• [Data]:
#####

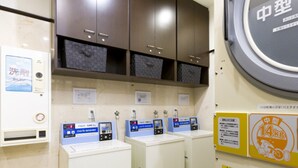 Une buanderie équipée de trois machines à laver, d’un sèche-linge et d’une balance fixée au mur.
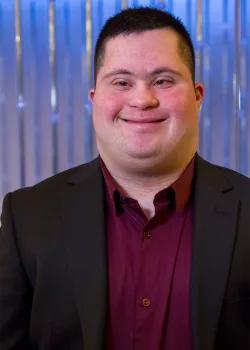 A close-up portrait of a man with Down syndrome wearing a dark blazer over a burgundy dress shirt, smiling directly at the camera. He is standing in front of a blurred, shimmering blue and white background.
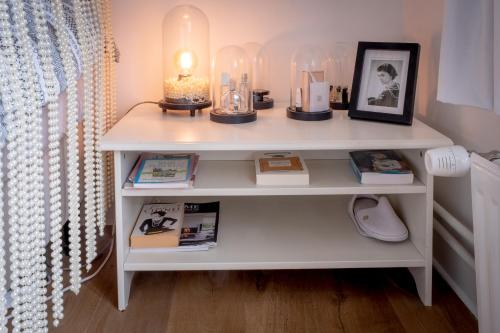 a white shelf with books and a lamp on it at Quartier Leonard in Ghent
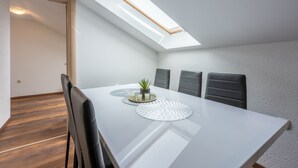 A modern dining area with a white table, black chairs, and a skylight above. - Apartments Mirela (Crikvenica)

#####

• [Task brief]: Nothing but the lines from the one containing "a white shelf" through the end of the listing is to be output, and those lines are to be output exactly, pictures excluded.

• [Response for this exercise]:
 a white shelf with books and a lamp on it at Quartier Leonard in Ghent
 A modern dining area with a white table, black chairs, and a skylight above. - Apartments Mirela (Crikvenica)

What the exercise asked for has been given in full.